Amazon DocumentDB document compression is not supported on Amazon DocumentDB versions 3.6 and 4.0.

Managing document compression

Enabling document compression in a collection

Enable document compression while creating a collection onAmazon DocumentDB by using db.createCollection() method:

db.createCollection( sample_collection,{ storageEngine : { documentDB: { compression:{enable: <true | false>} } } })

Enabling document compression in a cluster

Document compression can be enabled by default for all new collections on a cluster level by setting the cluster parameter default_collection_compression to “enabled”. When this parameter is set to “enabled”, newly created collections on the cluster will have compression enabled by default with a compression threshold of 2 KB.

Compressing existing collections

You can also modify the compression settings for an existing collection using the collMod operation and specifying the following storageEngine configuration. Please note that the change made using this command will only apply to newly inserted/updated documents and the compression on previously inserted documents will not change.

db.runCommand({ collMod: "orders", storageEngine: { documentDB: {compression: {enable: <true | false>} } } })

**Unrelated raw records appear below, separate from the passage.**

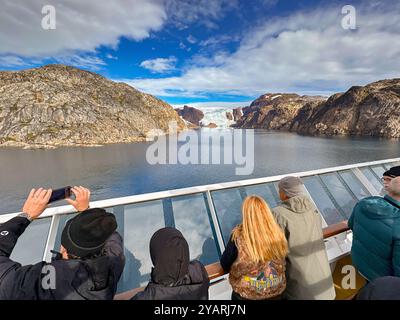 Prince Christian Sound, Grönland - 29. August 2024: Kreuzfahrtpassagiere sehen einen Gletscher in Prince Kristian Sund Stockfoto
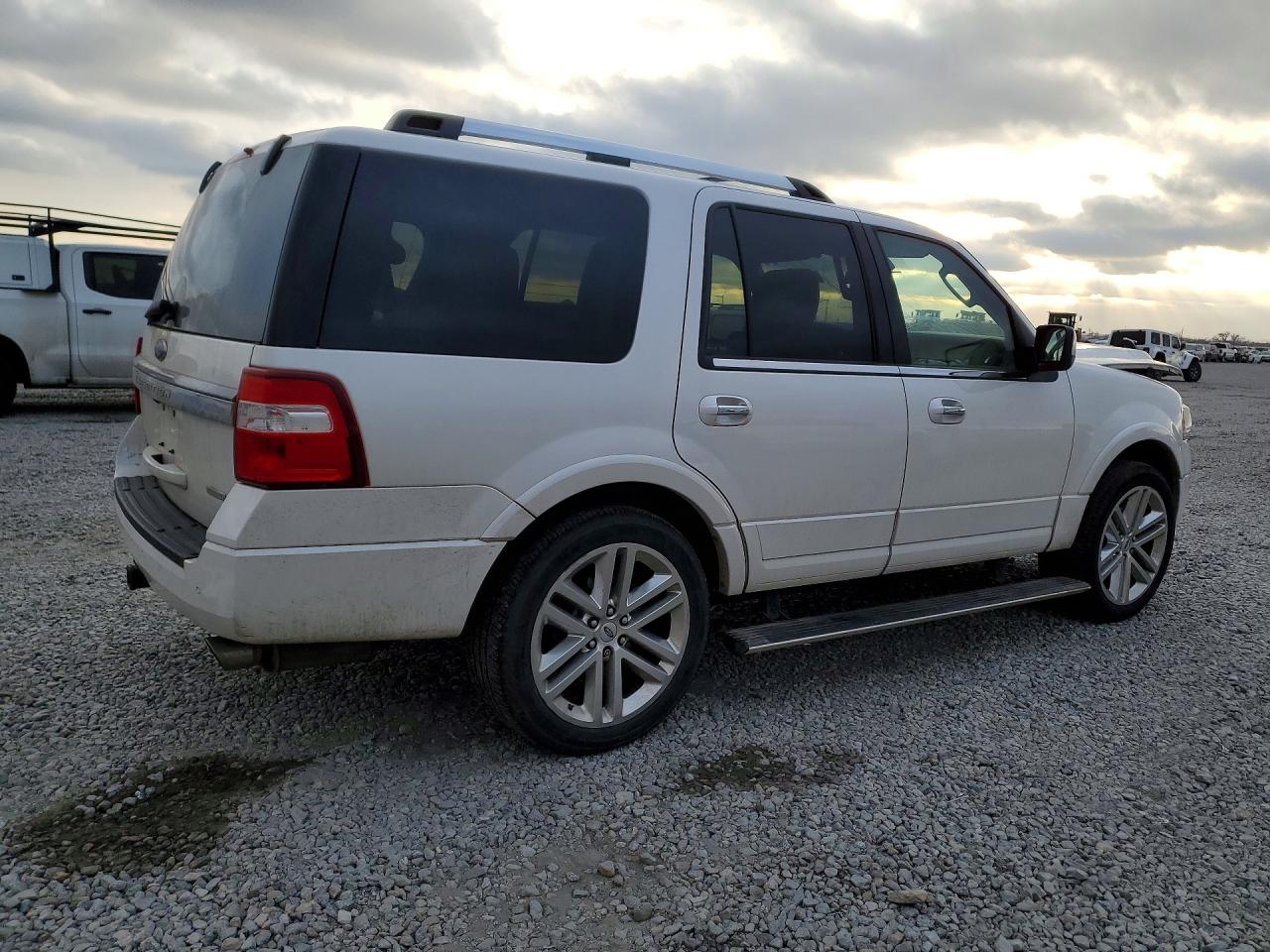 2017 FORD EXPEDITION LIMITED photo 3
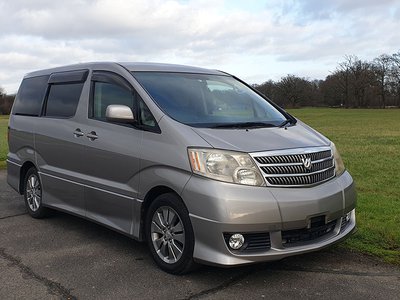 2004 Grey Toyota Alphard  - NS Front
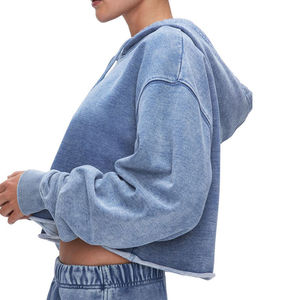 Pull à capuche tendance pour femmes, effet délavé, coupe courte, manches longues tombantes, ourlet coupé, broderie 3D personnalisée - Product Image 4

Setting the compression thresholds

By default, the compression threshold for compressed collections is 2032 bytes. This threshold value can be set in the createCollection command when creating a new collection with compression enabled:

db.createCollection( sample_collection, { storageEngine : { documentDB: { compression: { enable: true, threshold: <128 - 8000> } } } })

You can also modify the compression threshold for an existing compressed collection using the collMod operation and specifying the following storageEngine configuration:

db.runCommand({ collMod: "orders", storageEngine: { documentDB: { compression: { enable: true, threshold: <128 - 8000> } } } })

Please note that the compression threshold can only be set to a value between 128 to 8000 bytes. Additionally, the enable option needs to be set to “true” when specifying the compression threshold.

Monitoring document compression

You can check if a collection is compressed and calculate it's compression ratio as follows.

View compression statistics by running the db.printCollectionStats() or db.collection.stats() command from the mongo shell. The output shows you the original size and compressed size that you can compare to analyze the storage gains from document compression. In this example, statistics for a collection named “sample_collection” are shown below. A scaling factor of 1024*1024 is used below to output the size and storageSize values in MB.

db.sample_collection.stats(1024*1024)

The following is an example of the output for the above command:

{ "ns" : "test.sample_collection", "count" : 1000000, "size" : 3906.3, "avgObjSize" : 4096, "storageSize" : 1953.1, compression:{"enabled" : true,"threshold" : 2032}, ... }
  • size - The original size of the document collection.

  • avgObjSize - The average document size before compression rounded off to first decimal. The unit of measure is bytes.

  • storageSize - The storage size of the collection after compression. The unit of measure is bytes.

  • enabled - Indicates if compression is enabled or disabled.

To calculate the actual compression ratio, divide the collection size by the storage size (size/storageSize). For the example above, the calculation is 3906.3/1953.1 which translates to a 2:1 compression ratio.